Starting at the line with "White medium hair cat sitting on a floor.", return every line through the final one of the data, word for word. Pictures stay out.

*** EXERCISE INPUTS Section Begins ***

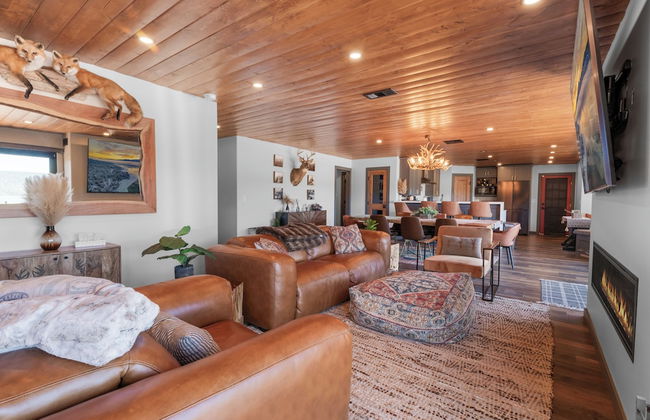 The Lazy Bear - Foto 11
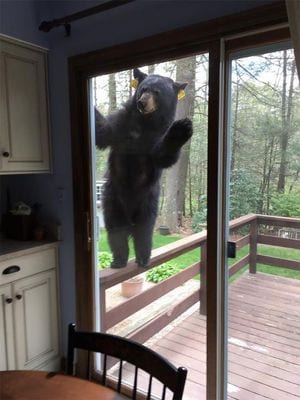 Hallo! Can I Come In?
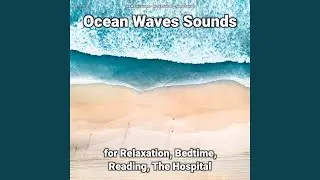 Ocean Waves for Dogs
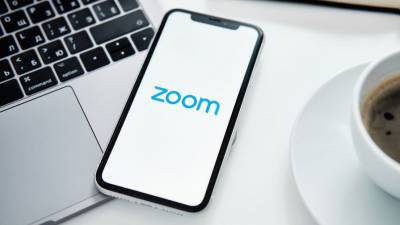 Александр Башкин - В Совфеде допустили блокировку Zoom на территории России - gazeta.ru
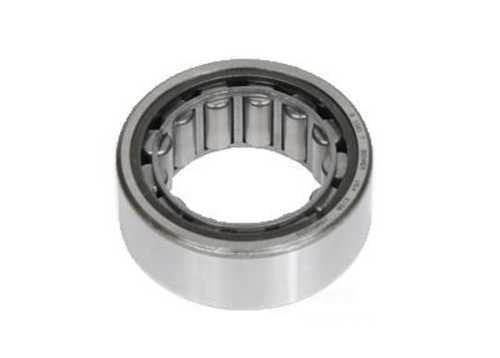 Differential Pinion Pilot Bearing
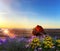 Sunset sea seashell and wild flowers on wooden  pier seascape landscape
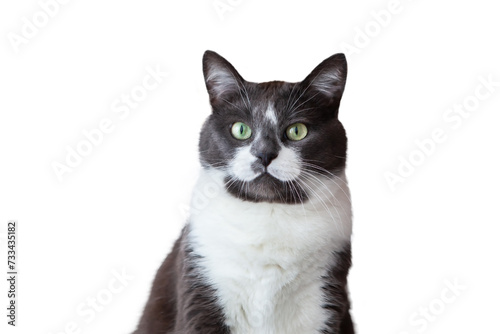 Portrait of a charming, elegant, very beautiful gray-white cat, on a white background.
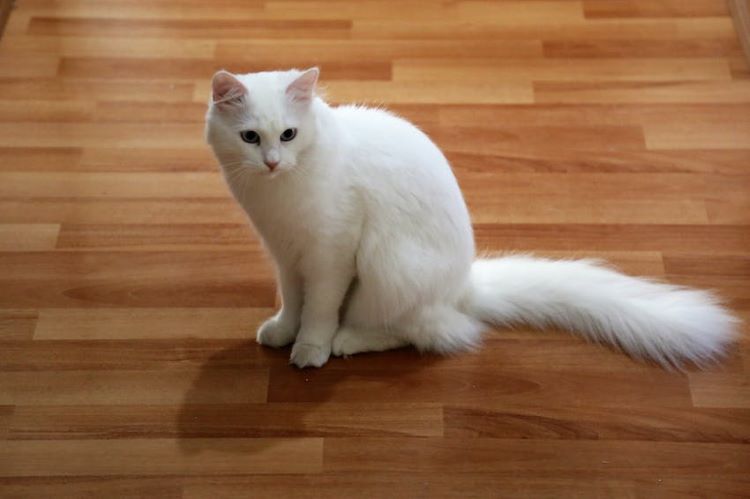 White medium hair cat sitting on a floor.
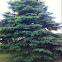 Balsam Fir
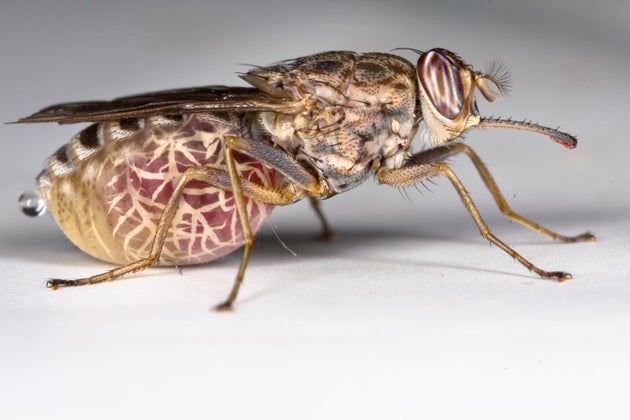 tsetse fly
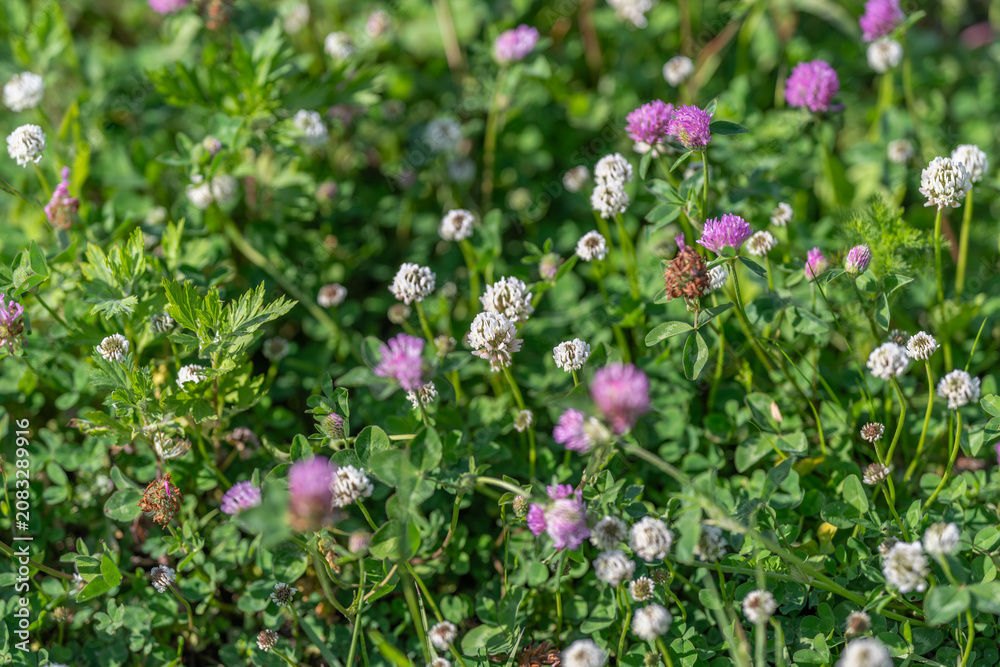 Obraz premium Field of clover and wildflowers in sunlight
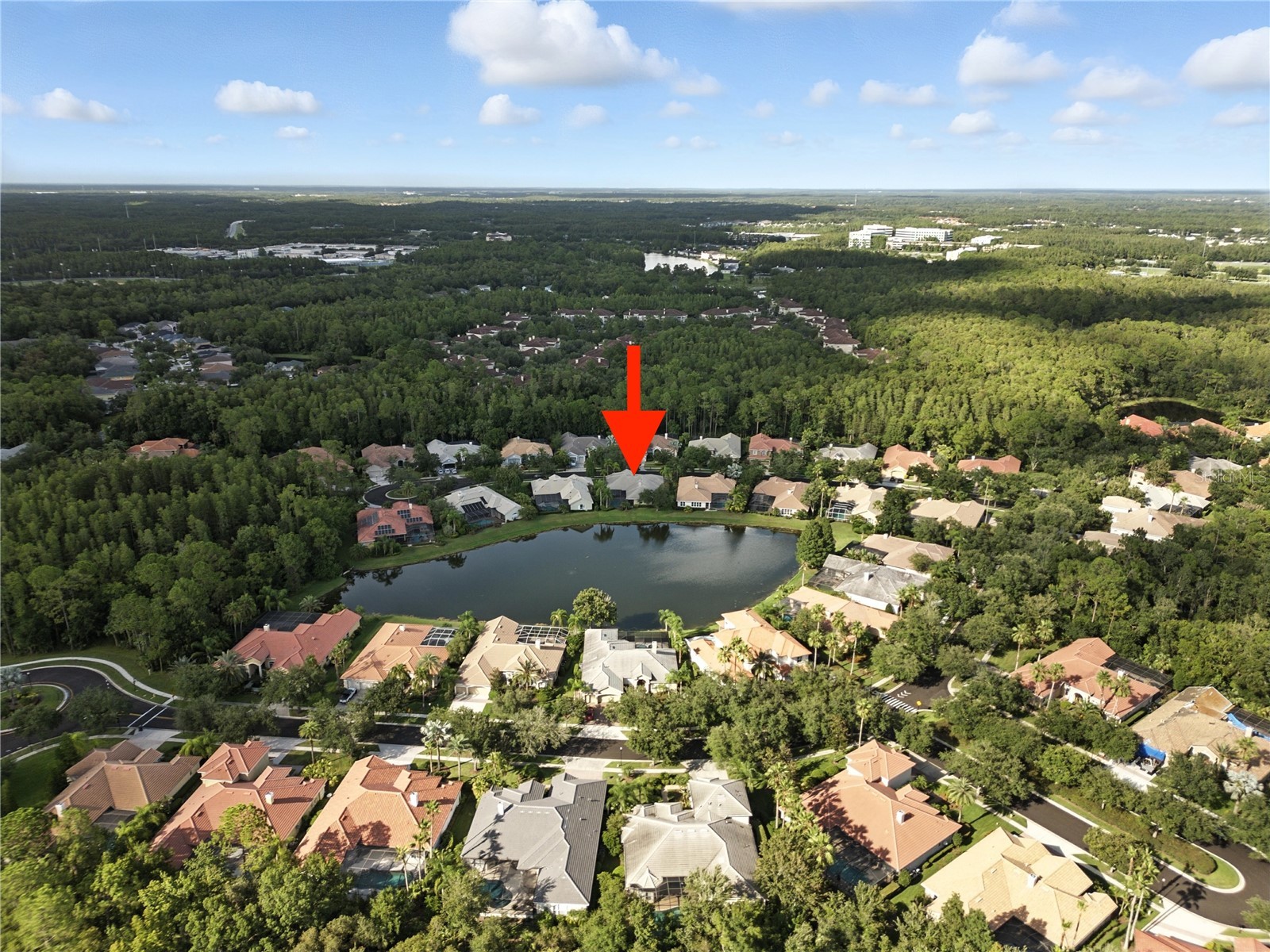 17210 Broadoak Drive Tampa FL 33647 TB8513440 image59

*** EXERCISE INPUTS Section Ends ***

SOLUTION TO THIS PROBLEM:
 White medium hair cat sitting on a floor.
 Balsam Fir
 tsetse fly
 Obraz premium Field of clover and wildflowers in sunlight
 17210 Broadoak Drive Tampa FL 33647 TB8513440 image59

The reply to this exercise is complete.